There are also a couple of other more simple reasons why your images may be blocked. One is that you're looking at a Web site that is busy or temporarily shut down or offline. A Web host could also be working on certain things on the site, causing the images to be down. If everything else we've discussed above is set correctly and you're still not seeing the images, this might just be your problem. Just try the site again later. That's all you can really do. Also, when you're trying to view images on a Web site or in your e-mail, make sure you are actually connected to the Internet, because they will not show up if you're not online.

If you're still having trouble with the red X even after all of that, here's one more thing you can try. Read here for all the details. So, if you've been having trouble with the red X, hopefully one of these solutions will help you in fixing this awful predicament once and for all. Good luck!


----------



## DCM1519 (Mar 8, 2005)

Daniel

Thanks for the response. It is excellent.

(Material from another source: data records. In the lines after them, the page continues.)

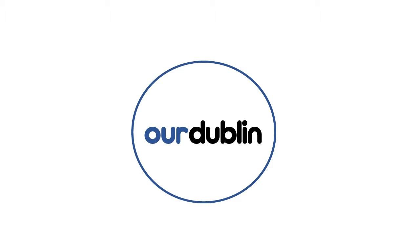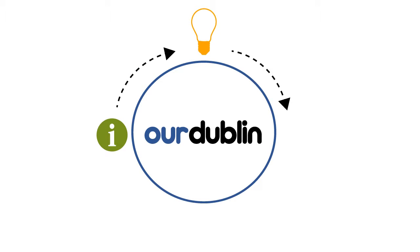Introducing Our Dublin. A way to find valuable information about the city, look at this information for ideas, and work together to turn these ideas into reality.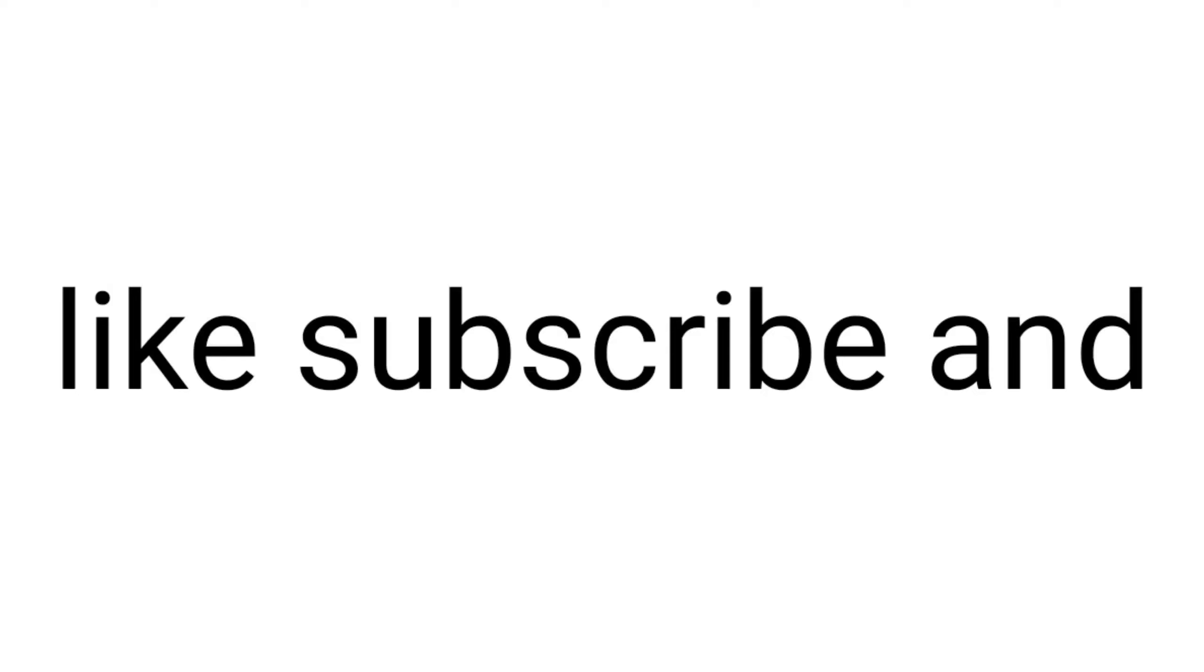But before we begin, can you like, subscribe, and comment wow in the next three seconds? Thank you so much. Ready? Three, two, one.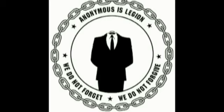The honest support us. The corrupt fear us. For we are Anonymous. We are Legion. We do not forget. We do not forgive. Expect us to expose you.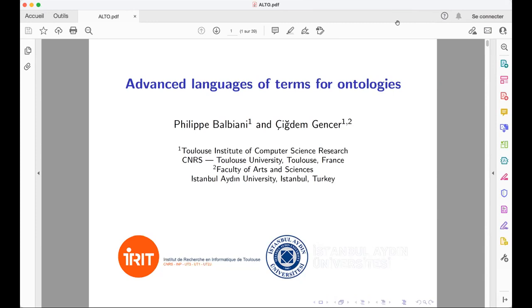My name is Philippe Balbiani. I am working in Toulouse and I will present a work realized together with Cidem Ganger from Istanbul Aydin University. This is about advanced languages of terms for ontologies.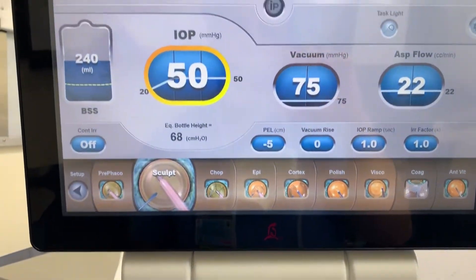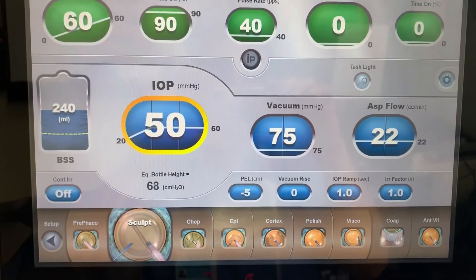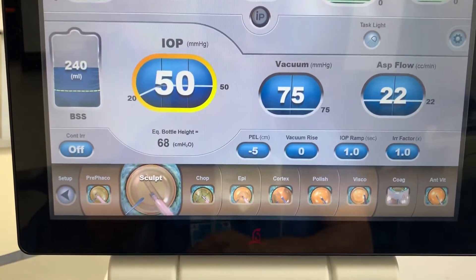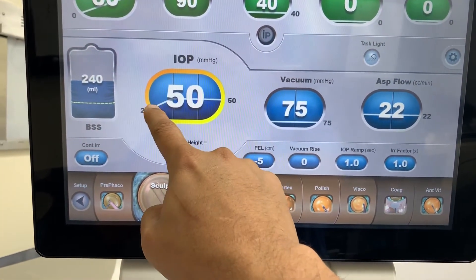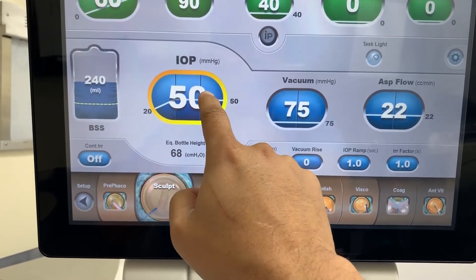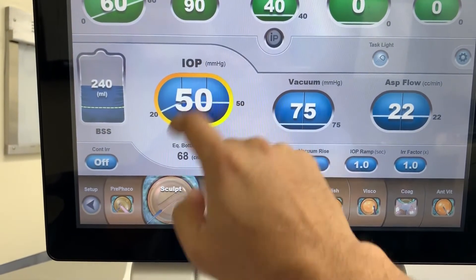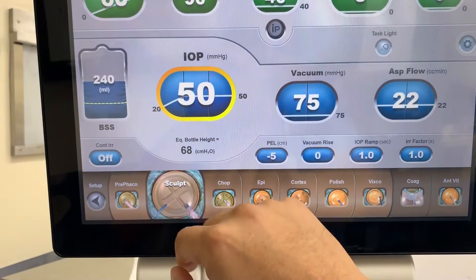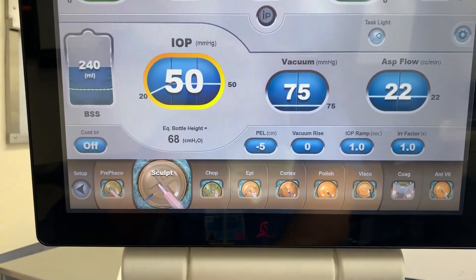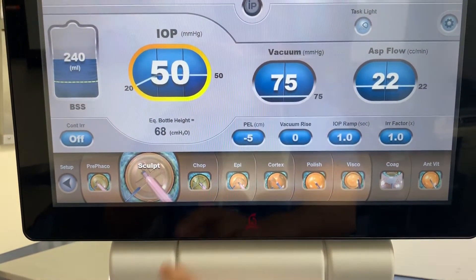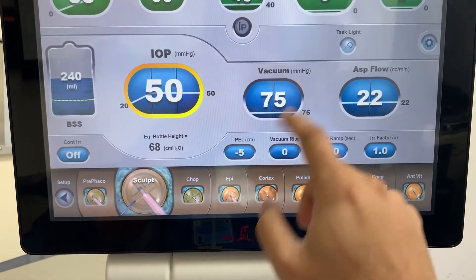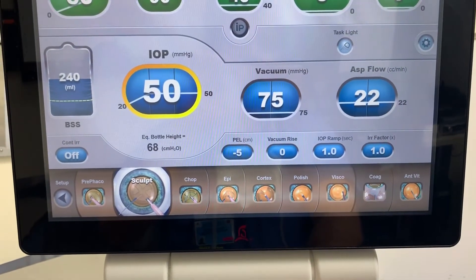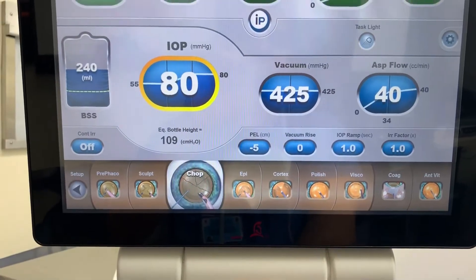Sculpt mode: sculpting the nucleus is a more common setting for surgeons doing divide and conquer. We ramp up the infusion pressure to about 50 millimeters of mercury — equivalent to a bottle height of about 68 centimeters. Then a reasonable amount of vacuum and a little bit of flow as well.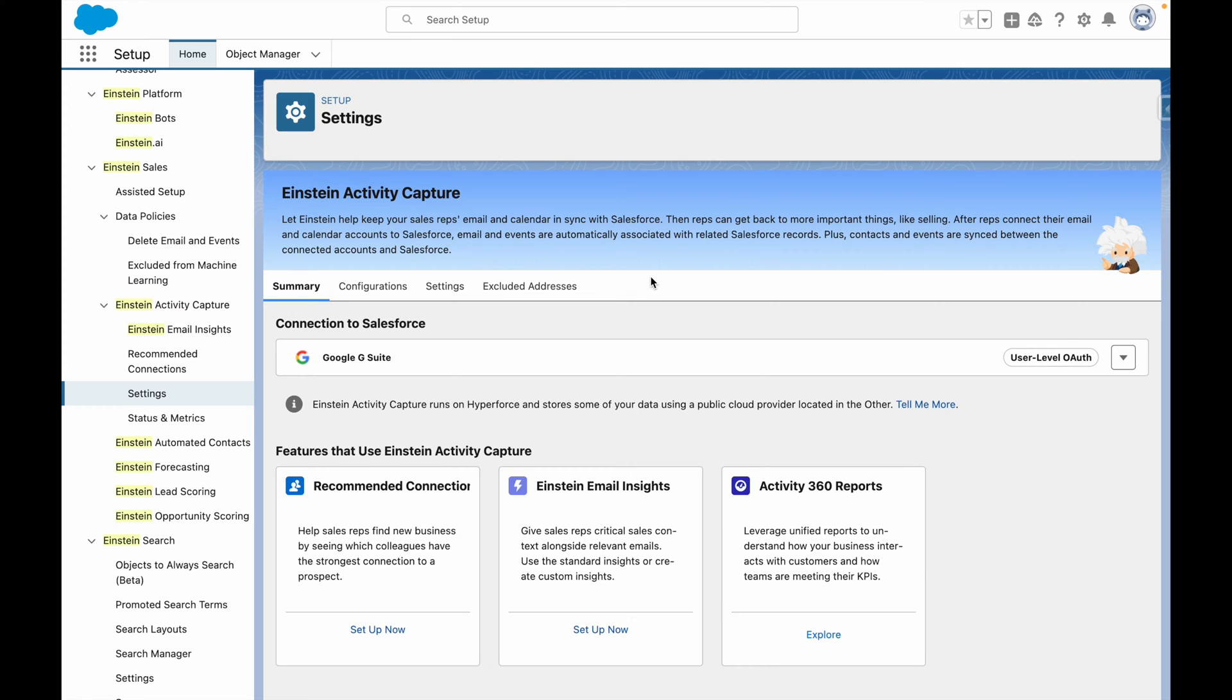Did you know that with Einstein Activity Capture, you can have a record-triggered flow that performs automated actions when emails or events are captured via Einstein?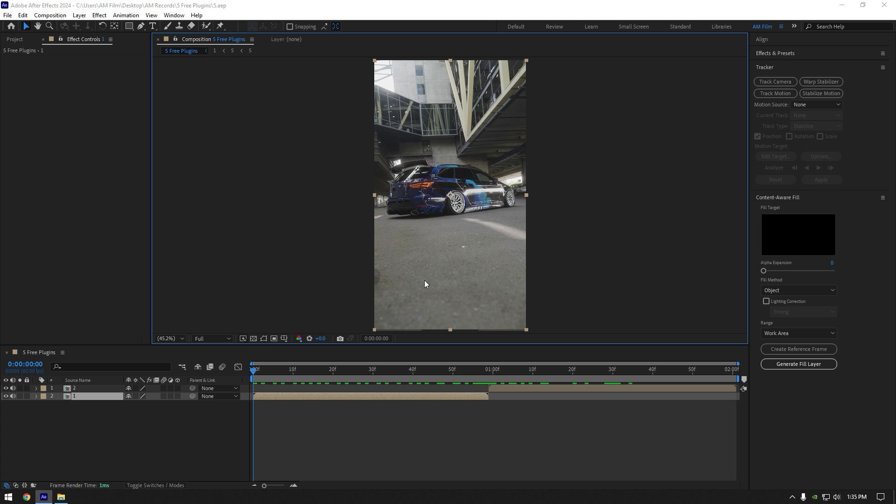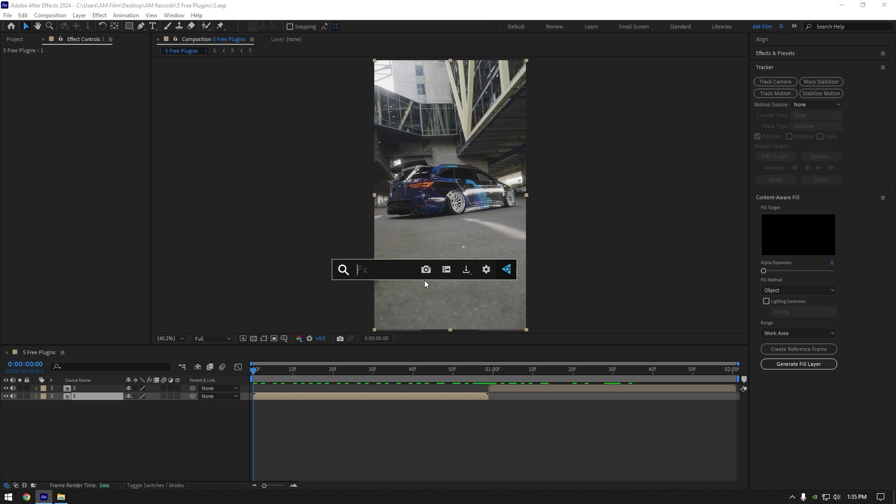First one is FX Console. Using this plugin you can easily and quickly find any effect and apply to your video. By pressing Ctrl plus space, After Effects will open FX Console and you are ready to go.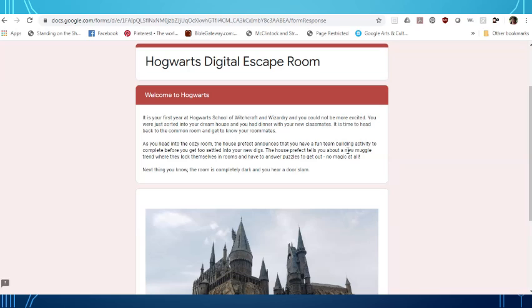Welcome to Hogwarts. It is your first year at Hogwarts School of Witchcraft and Wizardry and you could not be more excited. You were just sorted into your dream house and you had dinner with your new classmates. It is time to head back to the common room and get to know your roommates. As you head into the cozy room the house prefect announces that you have a fun team building activity to complete before you get too settled into your new digs.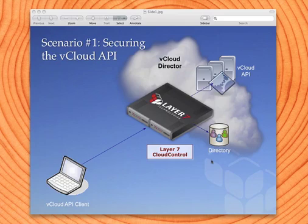Hi everybody, this is Scott Morrison, CTO and Chief Architect of Layer 7 Technologies. Today what we're going to look at is an actual integration between the SecureSpan technology, our gateways, and vCloud Director from VMware.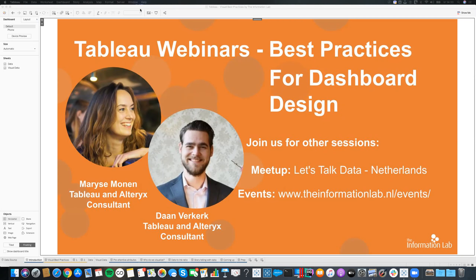Welcome everyone. I think everyone is in about now, so we can start our webinar. Today's topic is best practice for dashboard design, and the focus will be on visual, because my perception is that dashboard is really visual — that's what we're going to talk about today. My name is Marise, and I'm here with Dan, my colleague from the Information Lab Netherlands. The next half hour, we will talk about visual best practices.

Unfortunately, I am using Outlook 2003 and the settings do not correspond so I guess that I will have to live with this problem for a while.


----------



## Mr. Newton (Aug 26, 2006)

dmullen said:


> For the last year or so, I have been seeing a red "X" in corner of blank images. By clicking "properties", it says that they are http files.
> 
> How do I find something that will open these when they appear?
> 
> Thanks


u may have show images turned off in options.go 2 tools,scroll down 2 options,click on content & check load images automatically..try that,,


----------



## daniel_b2380 (Jan 31, 2003)

dmullen,
you're welcome sir,
sorry that didn't work,
hey, thought,
do you use a 'hosts' file?
i keep my browser settings pretty tight and with the hosts file,
and other settings,
the dreaded x is fairly common,
hang in there though,
someone else may just pop in with an answer,


----------